=== Section Start ===

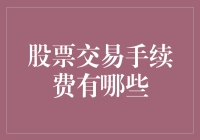 别让手续费成了你投资的拦路虎！谁说股市只能赚不能省？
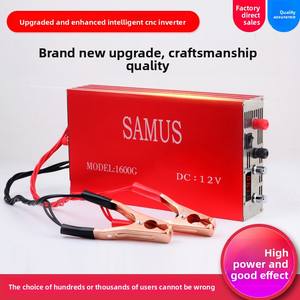 SAMUS1600G Onduleur 12V à double sortie silicium, tête <span class=keywords><strong>de</strong></span> transistor à effet <span class=keywords><strong>de</strong></span> champ large, amplificateur 1800W, efficacité 120%, 310MM - Product Image 5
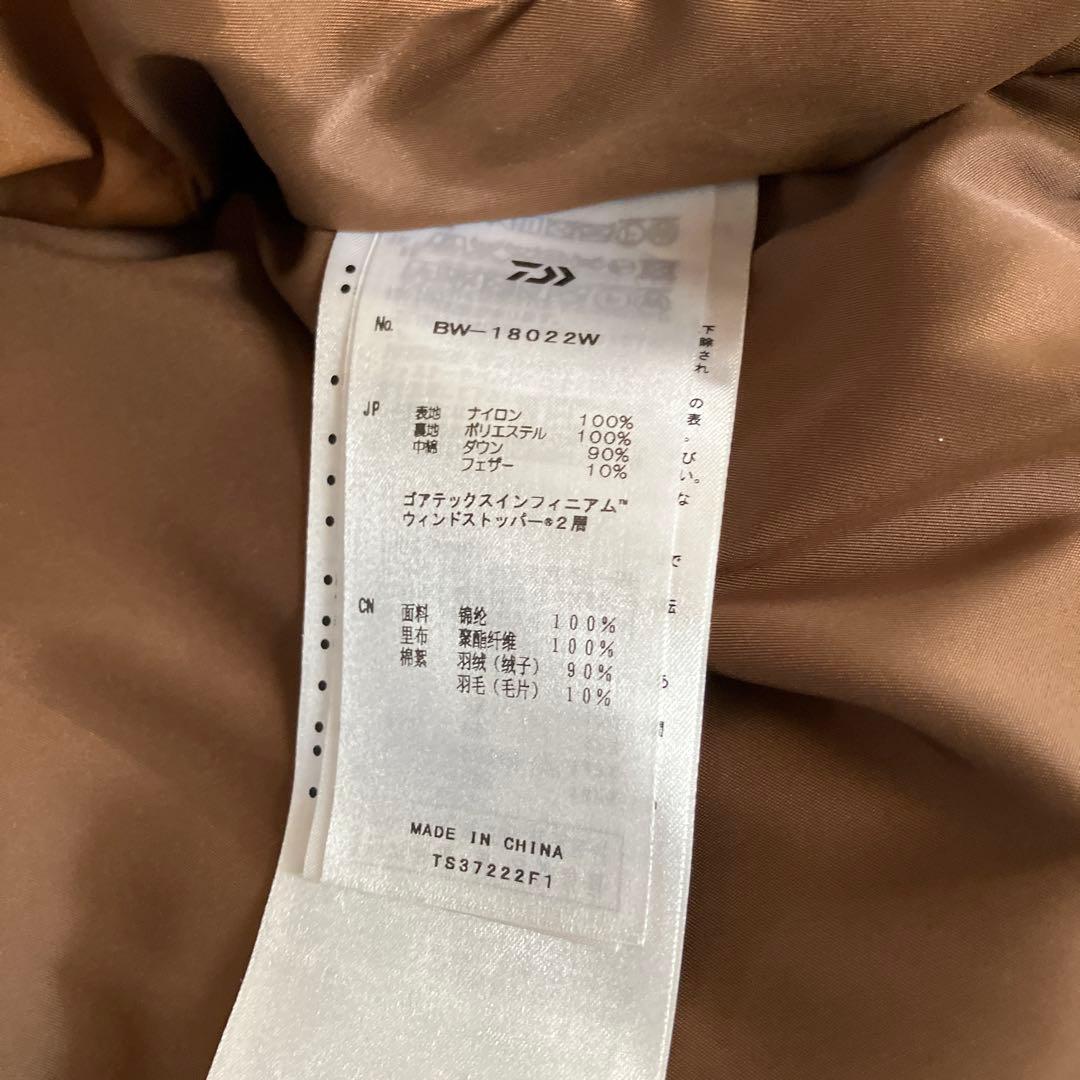 DAIWA PIER39 / ダイワ ダウンベスト
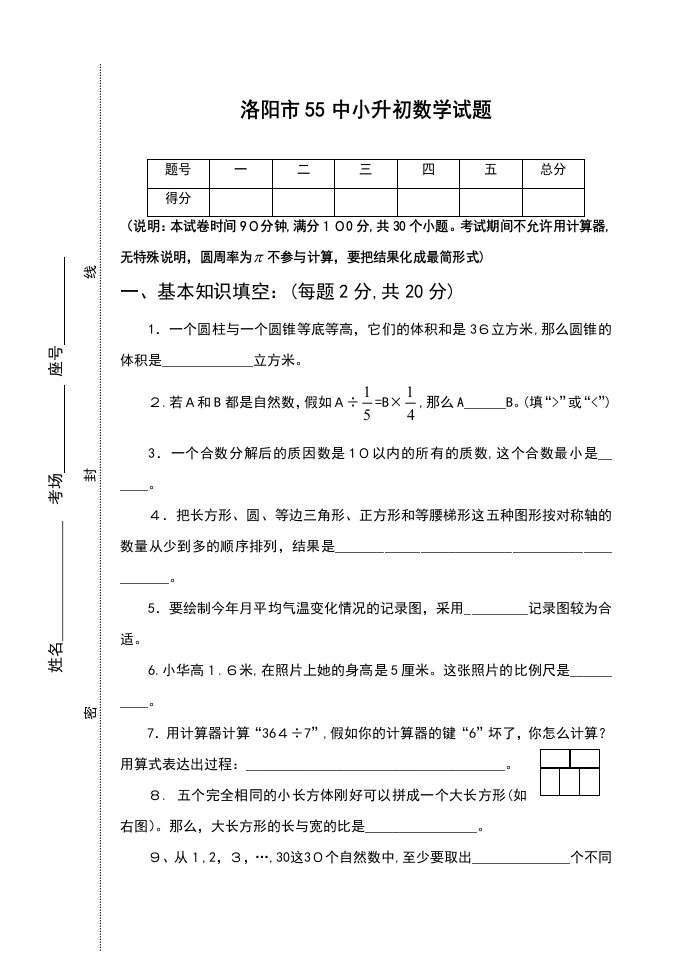 2023年洛阳市中小升初数学试题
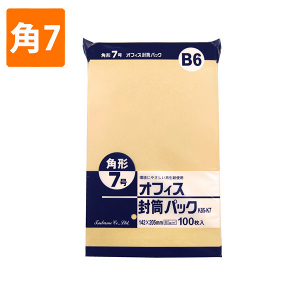 【封筒】　クラフトパック K85-K7 角7 (100枚入り)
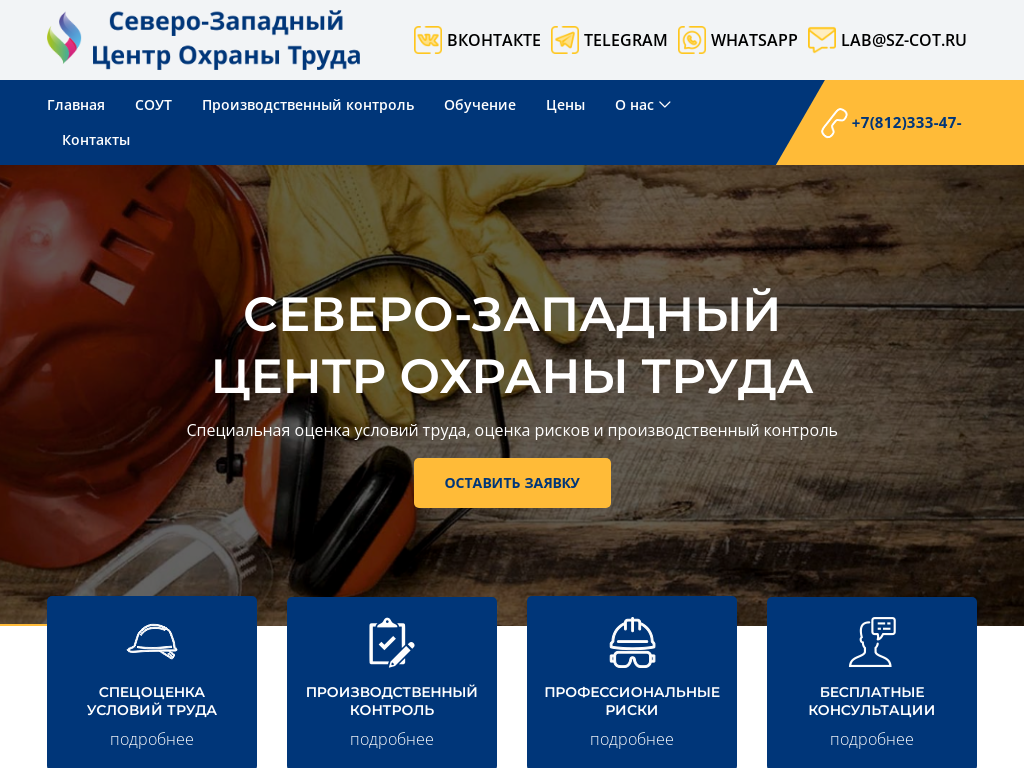 Северо-Западный Центр Охраны Труда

=== Section End ===

* _WORK INSTRUCTION_:
Reproduce the data word for word, excluding its pictures.

* _TASK RESULT_:
 别让手续费成了你投资的拦路虎！谁说股市只能赚不能省？
 SAMUS1600G Onduleur 12V à double sortie silicium, tête <span class=keywords><strong>de</strong></span> transistor à effet <span class=keywords><strong>de</strong></span> champ large, amplificateur 1800W, efficacité 120%, 310MM - Product Image 5
 DAIWA PIER39 / ダイワ ダウンベスト
 2023年洛阳市中小升初数学试题
 【封筒】　クラフトパック K85-K7 角7 (100枚入り)
 Северо-Западный Центр Охраны Труда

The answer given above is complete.